Emergency access then would just be an extra bit of logic on Bitwarden’s cloud servers to say “don’t actually send the encrypted passwords until access is requested and the owner doesn’t respond for the configured period of time”.

For an attacker to use such a feature to steal the shared passwords they would have to 1) compromise the account of the person you shared them with and 2) somehow prevent you from responding to the “emergency access requested” email or compromise the Bitwarden servers to retrieve the encrypted copies of your shared passwords directly.

Thanks. I think I understand basically how public private key crypto works, the thing I don’t understand is how the passwords can be encrypted with the recipients public key without them first being decrypted with my private key. So either those passwords would always exist somewhere encrypted with their public key and be updated each time I save something in which case they would always have access to them if they gained access to the hosted vault data, or they would be encrypted using a private key held by Bitwarden and added to the recipient’s account in the event of an emergency which would mean that ANYONE gaining access to the Bitwarden hosted data would have access, or in order for the decryption and encryption to take place only in the event of the emergency it would mean my private key is needed, which is not possible if it’s encrypted with the master password that lives only in my head. ?

Your passwords are encrypted using the recipient’s public key and stored on the Bitwarden servers. Each time you update something it gets re-encrypted and the server’s copy is updated. The encryption can happen locally so the Bitwarden servers never see the cleartext. This is how password sharing already works in bitwarden.

We’re now in a situation where in order to decrypt the passwords one needs 1) access to the recipient’s private key, which is stored in their vault and 2) to get the encrypted copies out of the Bitwarden servers. The recipient already has 1, and Bitwarden won’t give them 2 until they request access and the configured amount of time has passed without you responding.

Now if the person you granted emergency access to found a security hole in the Bitwaren servers and exploited it to exfiltrate the encrypted passwords then they would be able to decrypt them.
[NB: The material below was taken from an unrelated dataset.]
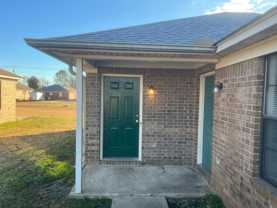 350 South Davis A-B - Photo 1 of 1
That said, presumably the person you’re giving access to your accounts in case of serious emergencies isn’t your adversary. An outside attacker would need to compromise your emergency contact’s vault and the Bitwarden servers in order to gain access.

As noted, the only way to do this while honoring Bitwarden’s commitment never to have access to unencrypted data is to use public key cryptography. Only a device which has access to the unencrypted data and to the recipient’s public key can encrypt that data (or, more practically, a randomly-generated key which is then used to encrypt the data) so the recipient can decrypt it with his or her private key.

That cannot happen on the server, because that would mean the server would have access to the unencrypted data. It can only happen on the sharer’s device; and it has to happen when he or she sets up the future sharing, because there is no guarantee that device, or any device which already has access to the unencrypted data, will be available later.

This makes it impossible to share with an individual who does not already have an account (hence a pass phrase, hence a public/private key pair). The recipient’s public key has to exist at the time the data is shared, regardless of whether that data is to be made available to the recipient now or in the future.

I don’t see any way around that without compromising the principle that Bitwarden’s servers will never have access to unencrypted data.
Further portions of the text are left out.